I knew he was trying to tell me something. Something of monumental importance. I could guess that he wanted me to be some sort of a spy for the college, to learn what I could about how people outside of the college were getting on. It had been months since we’d had much more than rumors or second-hand information about what was really happening in the city and beyond.

But I couldn’t tell for certain what Magister Marcellus wanted from me. His eyes held too much intensity for him to simply want me to take a look beyond the college’s walls.

“I’ll do whatever you need me to do, Magister,” I said with a respectful nod.

“Good,” Magister Marcellus said. He glanced to my friends, narrowing his eyes in thought. “I believe Mara and Appius should accompany you.”

My brow shot up. I could understand Mara coming with me, if, indeed, I was being sent on some sort of spy mission, but not necessarily Appius. Mara knew the aristocracy of the hill estates like the back of her hand. She was well-versed in all the intrigue and turmoil. Appius was a country boy who had never set foot in a city until being sent to attend the healer’s course.

“The three of you will leave at dawn tomorrow,” Magister Marcellus went on, raising his voice. “I’ve been told there will be an escort of soldiers waiting for you at the gate at first light, so don’t be late.”

I didn’t know what else to say. There was nothing to say, really. The three of us had been given an order, and whether it was Magister Marcellus or someone else behind that order, I had to obey it.

“Yes, Magister,” I said.

Mara and Appius echoed me. “Yes, Magister.”

Magister Marcellus nodded, then turned and abruptly marched off. Almost as if he didn’t want to be seen giving us the order, or like he didn’t want whatever would happen once we were outside of the college to come back on him.

“Why would Magister Marcellus choose the three of you for something so important?” Lucius asked the question I was certain we were all thinking as we made our way back to the house.

“It’s obvious why he chose Mara,” Leander said with a shrug, kicking aside a clump of slush that had washed into the path. The snow had started melting two weeks ago, but the weather was still bitterly cold. “Why would he be so keen on sending Conrad up into the hills, though?”

“He was unusually keen,” Appius said, clearly worried for me.

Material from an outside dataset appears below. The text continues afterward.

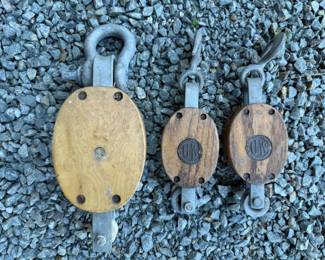 122 CollectionofWoodenPulleys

I had a different sort of worry. Appius swayed close to me, his hand twitching as it brushed past mine, like he wanted me to hold his hand while we walked through the college, with everyone watching.

I really liked Appius, and we worked well together as temporary partners, but every day that passed convinced me more and more that he understood the “temporary” part of our attachment less and less.

“I guess we won’t know what Magister Marcellus has in mind until we’re actually in the south hills,” Mara said with a typically dispassionate shrug.

Icy though she might have been, she was right. We spent the rest of the night speculating about why the three of us, me in particular, had been chosen for the mission. Appius and I even talked about it in bed in the dark instead of fucking to relieve the stress and bring on the oblivion of sleep.

In the morning, we were up, dressed, and on our way to the college gates, just as Magister Marcellus had told us we should be. Magister Marcellus was nowhere in sight, but two fully-armed soldiers lingered near the gate, as though already impatient and on edge with our mission.

“You’re the healers that are heading up to the hill estates?” the taller of the two soldiers asked with a suspicious frown.

“We are,” I answered, standing with my shoulders squared and pretending I wasn’t intimidated.

The tall soldier nodded to the leather satchels we all had slung over our shoulders. “What’s in those?”